The MSCI World rose by an annualized rate of 15.96% during this period ; excluding the AI contribution, the CAGR falls to 8.91% . In other words: Almost half of the recent global market performance hinges on a single narrative.

Implications for portfolios: Anyone buying "World" via MSCI World is primarily buying an AI cluster – with concentration, valuation and regime change risks.
Why the MSCI World
The term "global portfolio" falls short
Our structural analysis reveals clear blind spots – the index only partially reflects the global real economy:
US/Tech Overweight: The index is dominated by US stocks, primarily a few mega-caps along the AI value chain. Concentration risk included.
No emerging economies like China, India & Co. are completely missing – key growth drivers of the next decade are left out.
Europe is underrepresented; quality leaders from industry, healthcare, automation and dividend culture are underweighted .
Africa & Middle East excluded. Regions with structural investment needs (energy, infrastructure) are not included .
Raw materials and basic materials (marginal commodities/materials , including critical metals and rare earths) account for around 3% – too little for a technologized economy.

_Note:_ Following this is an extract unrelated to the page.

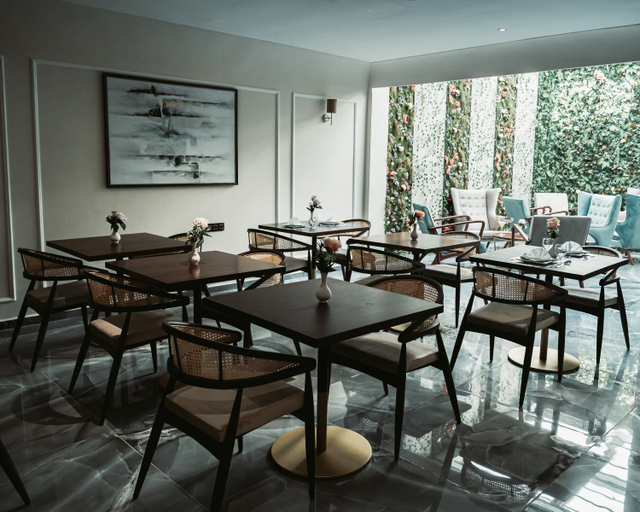 Food & Drinks 3, City Hotel by Waves, Kénitra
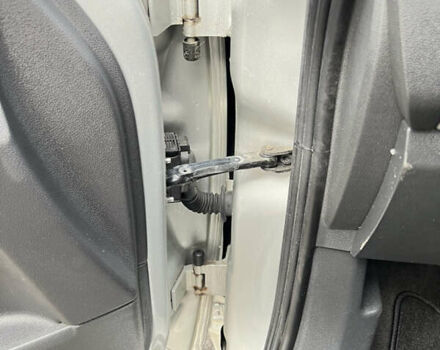 Серый Опель Зафира, объемом двигателя 1.6 л и пробегом 142 тыс. км за 7150 $, фото 43 на Automoto.ua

Dividends are only generated by chance; income factors are not specifically controlled, but rather occur "on the side" and are industry-specific.
Conclusion: The MSCI World is not a robust global allocation as a sole solution.
Five to-dos for investors
Current state analysis: Check the top 10 positions and country/sector shares – not just the fund name.
Separate the drivers: Balance growth (AI, software, semiconductors) and stabilization components (dividend quality, infrastructure, utilities, raw materials).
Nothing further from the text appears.